The Attorney General issued a memorandum today to the Federal Bureau of Prisons officials.

The announcement comes after calls from criminal justice advocacy groups to reduce prison populations nationwide in order to avoid what could be a disastrous and unsafe spread of the virus. "As of last night, there were four staff members who had been tested and tested positive".

The criteria for such releases in many ways mirrors what is in place inside the First Step Act.

The directive will favor prisoners over 60 years old who have not been convicted of violent or sexual crimes.

But on Monday, Trump had retweeted a conservative commentator who was fooling the idea and killing the hopes of some advocates.

After Barr announced the memo and the new policy at a press conference on Thursday, activists involved in the effort cheered.

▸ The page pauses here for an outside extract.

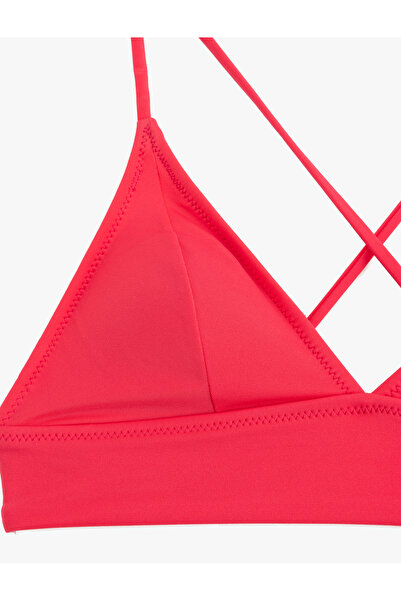 Koton V-Neck Bralet Bikini Top with Cross Tie Detail on the Back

"I don't think it's enough", Ring said.

"Inside the prisons, this would not only allow them to start engaging in better social distancing methods because they will be a little less crowded but it will also take a lot of pressure from the prison hospitals and the prison medical workers who otherwise can climb to take care of this population if the corona virus gets in there, "she said".

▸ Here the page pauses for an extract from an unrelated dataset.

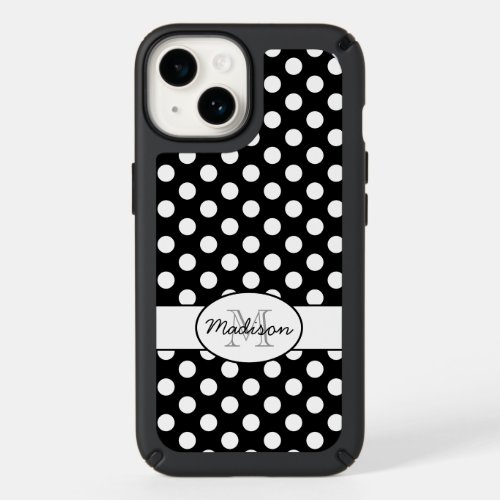 Cute Black White polka dots retro pattern Monogram Speck iPhone 14 Case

Hundreds of prisoners have already started to be released from locally run prisons after state and municipal authorities took swift action.

So far, there have been few coronavirus cases reported in federal prisons. New Jersey's Supreme Court ordered the release of some county jail inmates on Tuesday, after a petition filed by New Jersey's public defender's office. The local chapter of the American Civil Liberties Union said it estimates it can be up to 1,000 people.

Inmates at some of the most heavily populated prisons in the country - including Rikers Island in NY and California State Prison in California - tested positive for COVID-19 and the risk of spread throughout prison facilities is troublesome because of the close proximity of prisoners to each other and BOP staff.

Gabriella Agranat-Getz, a lawyer for the group, described New York's response as "dangerously slow".

In response to some local and state prisons across the USA who have opted to release inmates in prisons and jails in large numbers, Barr said he was concerned about those using the coronavirus simply as a vehicle to de-populate prisons around the U.S.